→ PROBLEM
Copy the listing below exactly. Pictures stay out of it.

→ COLLECTED MATERIAL

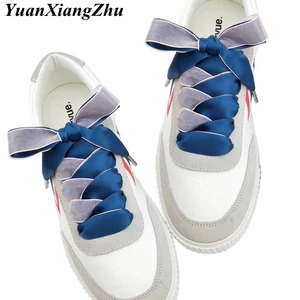 Шнурки двусторонние атласные, шелковая лента, для обуви, модные кружевные, для кроссовок, 1 пара, ширина 2 см, 80100120 см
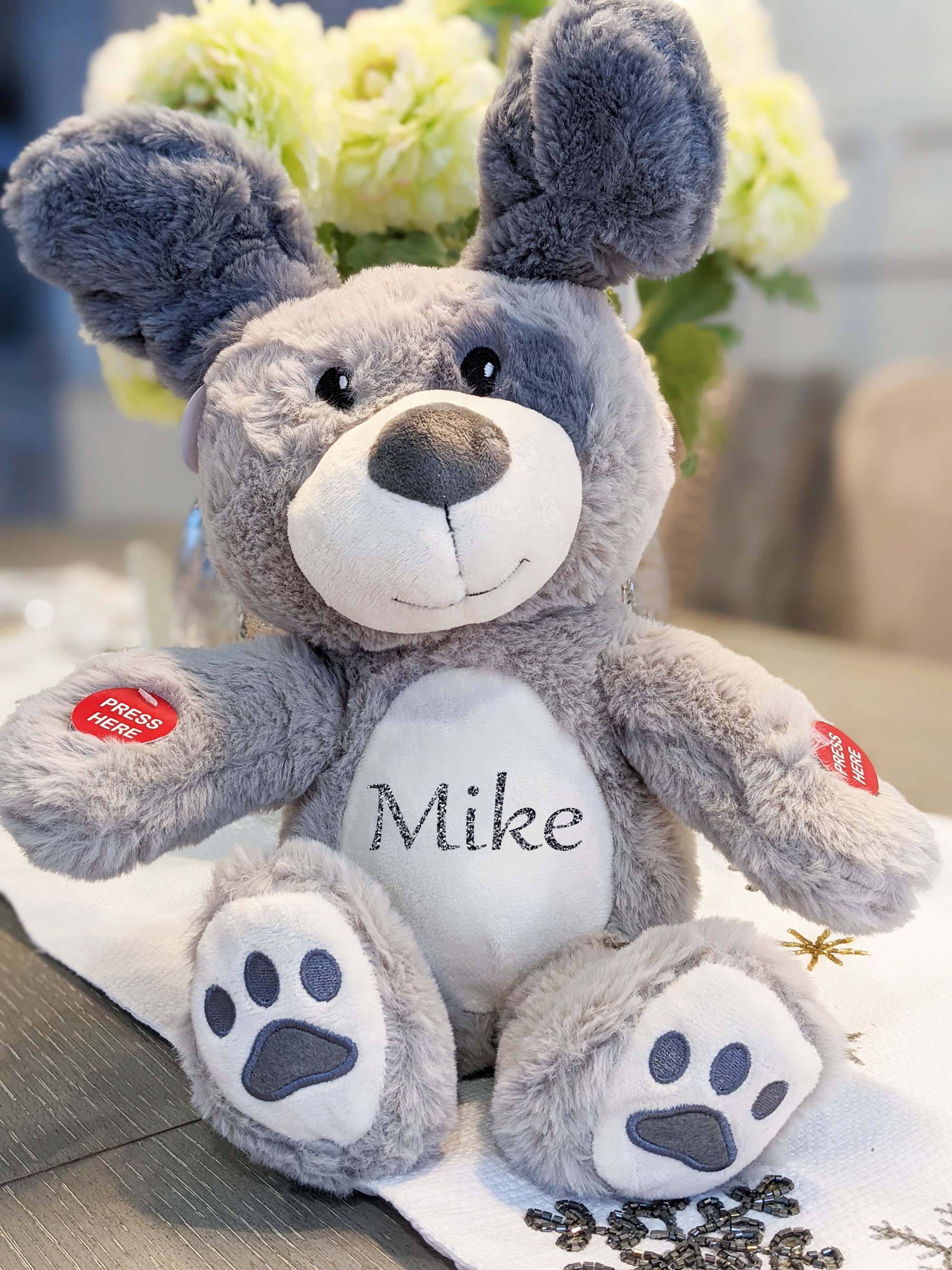 Personalized Singing Puppy for Baby Plush, Animated Peek a Boo Dog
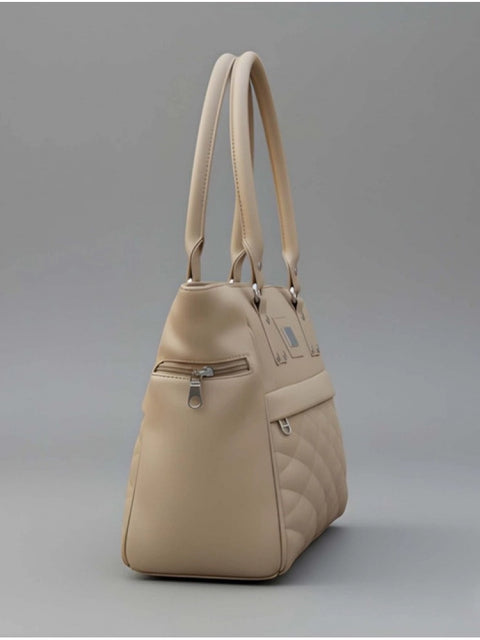 Generic Women's PU Leather Solid Shoulder Zipper Handbag (Beige)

→ SOLUTION TO THE PROBLEM
 Шнурки двусторонние атласные, шелковая лента, для обуви, модные кружевные, для кроссовок, 1 пара, ширина 2 см, 80100120 см
 Personalized Singing Puppy for Baby Plush, Animated Peek a Boo Dog
 Generic Women's PU Leather Solid Shoulder Zipper Handbag (Beige)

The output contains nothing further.